OMG Internet SIG
Minutes of Meeting #9
Tampa, Florida
January 13-14, 1997
OMG Document internet/97-01-01
OMG Internet
SIG homepage
Contents
Meeting Summary
We completed an analysis, begun in Nice, France, of responses to the
Internet Services RFI,
and issued recommendations to ORB/OS
and recommendations to Common Facilities
Task Forces for suites of future RFPs. In addition, we formed a Working
Group on Composable Architecture to study guarantees regarding how
OMG specifications compose, federate, and interoperate in practice (see
composition recommendations).
Finally, we discussed the future role of Internet SIG in OMG. In subsequent
joint meetings with Common Facilities and ORBOS we reviewed two draft RFPs
based on Internet SIG recommendations made in Nice, one for Common Internet
Services (document number not yet assigned) and one for Reverse Java Mapping
(orbos/96-12-12).
At the next meeting of the Internet SIG in Austin, the Composable Architectures
Working Group will meet. In addition, we may also assemble those interested
in an open, next generation HTTP architecture (requirements, architecture,
interfaces, any need for IDL interfaces).
Attendees
- Colin Ashford - Nortel - ashford@nortel.ca
- Pranab K. Baruah - Boeing - pranab@ate.boeing.com
- Michael Bigrigg - Concurrent Technologies Corp - bigrigg@ctc.com
- Bernd Blobel - U Magdeburg, Germany - bernd.blobel@mrz.uni-magdeburg.de
- Lorraine Cash - Raytheon - waldbuss@ed.ray.com
- John Chen - Silicon Graphics - jcchen@engr.sgi.com
- Jeff Chilton - Objective Interface - jeff.chilton@ois.com
- Michael Jesse Chonoles - Lockheed Martin Adv Concepts
Center - chonoles.michael@acc.mds.imco.com
- Peter de Jong - HP - deJong@apollo.hp.com
- Kevin Donahue - Micromedex - kdonahue@mdx.com
- Dave Frye - Expersoft - didge@expersoft.com
- Bhash Ganti - Boeing - bhash@atc.boeing.com
- Karl Gardner - raytheon - fkg@swl.msd.ray.com
- Anastasius Gavras - Research Centre Telecom/TINA-C -
gavras@tinac.com
- Mark Godfrey - Shell Services Co. - mrg@shellus.com
- David King - Micromedex - dking@mdx.com
- Salil Kulkarni - Tandem Computers - salil@loc252.tandem.com
- Tom Jennings - WG - jennings@wg.com
- Jonathan Legh-Smith - BT - jleghsmi@jungle.bt.co.uk
- Jeff Mackay - Anderson Consulting - jeffrey.c.mackay@ac.com
- Steve Marney - EDS - marney@ru.cs.gmr.com
- Masani - St.
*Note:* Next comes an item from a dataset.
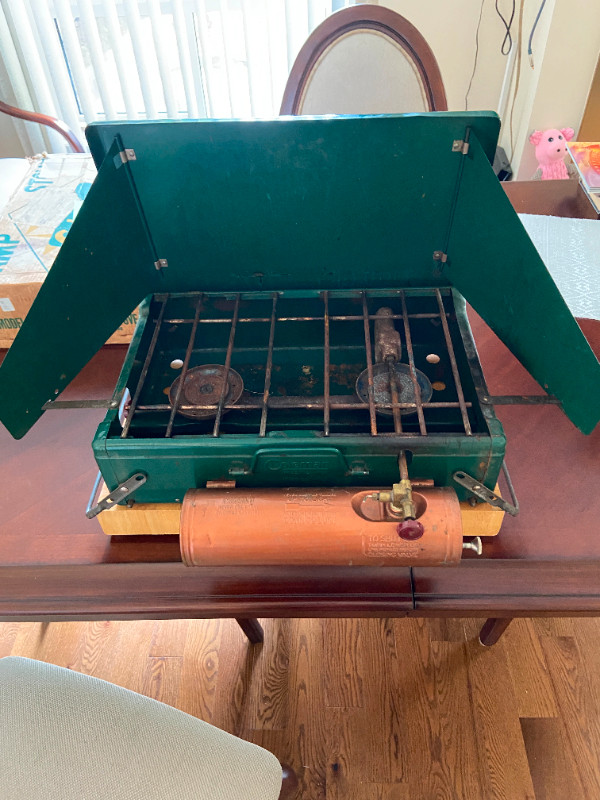 Coleman stove model 4 M 'tourist' in Fishing, Camping & Outdoors in Ottawa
Michaels Hospital - asemm@smh.toronto.on.ca
- Drew Mills - United Parcel Service (UPS) - appltam@air.ups.com
- Satish Paranjpe - NEC Systems Laboratory - sdp@syl.nj.nec.com
- Nick Pascarella - EDS - pascarella@edsug.com
- David Pfister - Checkfree - dhp@secapl.com
- Kirthiga Reddy - Silicon Graphics - kirthiga@engr.sgi.com
- Brian Schimpf - Gradient Technologies - schimpf@gradient.com
- Silas Larry Smith - IBM - slsmith@vnet.ibm.com
- Chris Smith - BT - chris@drake.bt.co.uk
- Shel Sutton (co-chair) - MITRE - shel@mitre.org
- Robin Tait - Sabre Groud - Robin_Tait@amrcorp.com
- Gregg.Tally - TIS - tally@tis.com
- Craig Thompson (Co-chair) - Object Services and Consulting,
Inc. - thompson@objs.com
- Patrick Thompson - Rogue Wave Software - thompson@roguewave.com
- Vincent Walh - Brodiam Eireann - vw@broadcom.ie
- Ward Walker - BBN - wwalker@bbn.com
- Ken Wilner - Progress Software - wilner@progress.com
- Eric R. Ziemer - Ameritech - eric.r.ziemer@ameritech.com
Meeting Minutes
Recapping the previous meeting of ISIG
At the last Internet SIG meeting held in Nice, France (see minutes
of Meeting #8), we reviewed three responses to the Internet
Services RFI (from Mitre
(internet/96-10-02), OBJS
(internet/96-10-03), and Data
Access (internet/96-10-03)), began an analysis of the responses, and
made recommendations to Common Facilities Task Force to issue a draft
Reverse Java Mapping RFP (orbos/96-12-12)and an URL-IOR Mapping RFP
(no subsequent action taken by the OMG meeting in Tampa) and to Common
Facilities Task Force to issue a draft
Common Internet Services RFP (drafted, no document number assigned
yet).
This Meeting
RFI Analysis completed, recommendations
formulated. Craig Thompson, one of the ISIG co-chairs, led today's
meeting and recorded these minutes. We began with a review of the activities
and results of the OMG Nice meeting, then described what has been achieved
since that meeting, namely two RFP drafts: one on Common Internet Services
RFP (Common Facilities Task Force), the other on a Reverse Java Mapping
RFP (ORBOS RFP).
We then began a half-day review of a draft set of recommendations, prepared
in advance of the meeting by Thompson. These consisted of three pages of
bullets listing a large suite of proposed RFPs, which summarized the RFI
response recommendations. Thompson mentioned that there are three driving
forces behind these recommendations:
- interface the OMG Object Management Architecture (OMA) to existing
and emerging IETF, Web Consortium, and other Internet protocols and applications,
- adapt some of the process of IETF and other Internet culture, and
- scale OMG's OMA from environments with 40 workstations in a LAN to
environments with 40 million workstations in a WAN.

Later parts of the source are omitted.